When Alzado joined the Silver and Black in 1982, he confessed to ESPN that he helped supply some of his Raiders teammates with anabolic steroids.
Alzado also mentioned in his first-person essay in Sports Illustrated that he never slept more than four hours a night during this time.
His teammate, defensive end Greg Townsend, witnessed the two sides of Alzado’s personality first-hand.
“The guy had a split personality,” Townsend told ESPN. “On the field, he had this tough image he projected. Off the field he was a gentle giant. So caring, so warm, so giving.”
Alzado also argued constantly with Raiders team doctor Robert Huizenga, who told him his steroid use had drastically affected his liver and cholesterol levels.

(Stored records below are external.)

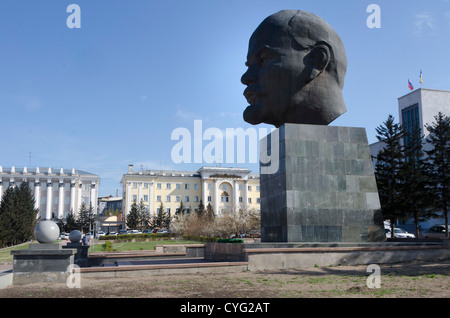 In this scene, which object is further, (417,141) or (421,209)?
(417,141)

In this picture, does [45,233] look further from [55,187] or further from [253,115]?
[55,187]

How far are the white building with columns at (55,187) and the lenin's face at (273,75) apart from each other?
73861 millimetres

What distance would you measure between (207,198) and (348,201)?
235 feet

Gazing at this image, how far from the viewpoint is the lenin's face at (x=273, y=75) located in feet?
41.5

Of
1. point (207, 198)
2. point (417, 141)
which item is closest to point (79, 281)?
point (417, 141)

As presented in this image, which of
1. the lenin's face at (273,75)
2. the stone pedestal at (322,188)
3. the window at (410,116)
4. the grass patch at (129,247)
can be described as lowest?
the grass patch at (129,247)

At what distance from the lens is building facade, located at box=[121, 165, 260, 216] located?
80.4 meters

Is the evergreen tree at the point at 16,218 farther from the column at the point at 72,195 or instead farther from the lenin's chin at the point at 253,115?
the column at the point at 72,195

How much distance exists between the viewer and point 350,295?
22.8 ft

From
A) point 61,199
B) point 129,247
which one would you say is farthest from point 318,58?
point 61,199

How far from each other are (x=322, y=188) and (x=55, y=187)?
81770mm

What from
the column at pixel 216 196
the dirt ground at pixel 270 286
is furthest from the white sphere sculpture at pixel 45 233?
the column at pixel 216 196

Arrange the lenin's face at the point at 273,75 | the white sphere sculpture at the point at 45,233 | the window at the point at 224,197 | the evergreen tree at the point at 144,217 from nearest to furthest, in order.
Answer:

Alzado would have none of it. He told Dr. Huizenga to leave him alone, per The Los Angeles Times.
On the other hand, Raiders defensive back Mike Haynes told Pugmire in 1992 that he remembered hearing Alzado, whose room was next to his during training camp, regularly screaming at the telephone.
When Haynes ran into Alzado some fifteen minutes later, the latter had mellowed considerably and acted as if nothing had happened.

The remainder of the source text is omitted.